Requirement
Data follows below. Repeat exactly the lines between the line holding "Visit www.theday.com to..." and the line holding "Variety of ice", inclusive, and nothing more; drop pictures.

Information shown
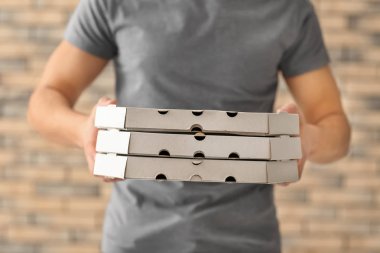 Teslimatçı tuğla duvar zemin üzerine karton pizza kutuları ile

--

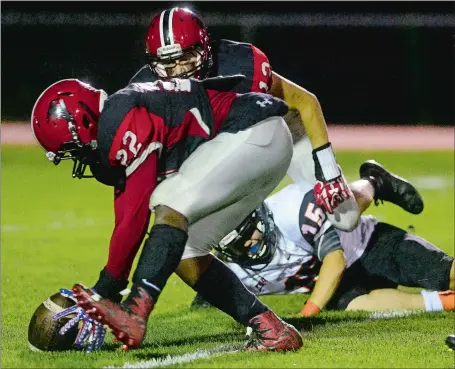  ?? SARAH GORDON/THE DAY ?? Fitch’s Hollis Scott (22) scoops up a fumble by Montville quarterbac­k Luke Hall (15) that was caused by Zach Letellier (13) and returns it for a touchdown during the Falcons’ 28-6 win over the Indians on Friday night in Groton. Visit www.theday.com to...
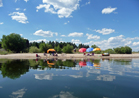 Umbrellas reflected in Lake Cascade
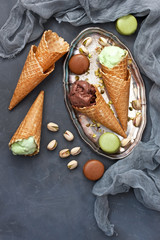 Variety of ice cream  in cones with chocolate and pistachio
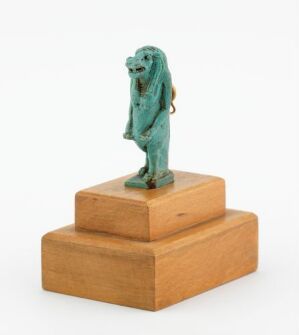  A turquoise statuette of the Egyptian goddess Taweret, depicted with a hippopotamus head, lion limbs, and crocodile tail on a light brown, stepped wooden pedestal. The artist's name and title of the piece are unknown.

---

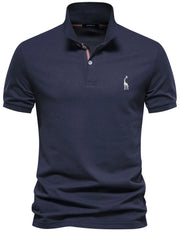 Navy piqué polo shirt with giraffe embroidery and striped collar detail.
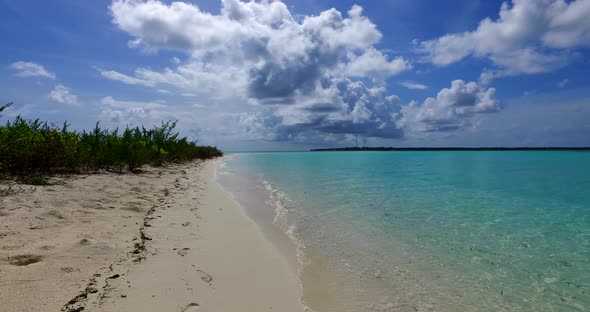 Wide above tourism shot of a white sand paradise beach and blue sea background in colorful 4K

Exercise result
  ?? SARAH GORDON/THE DAY ?? Fitch’s Hollis Scott (22) scoops up a fumble by Montville quarterbac­k Luke Hall (15) that was caused by Zach Letellier (13) and returns it for a touchdown during the Falcons’ 28-6 win over the Indians on Friday night in Groton. Visit www.theday.com to...
 Umbrellas reflected in Lake Cascade
 Variety of ice cream  in cones with chocolate and pistachio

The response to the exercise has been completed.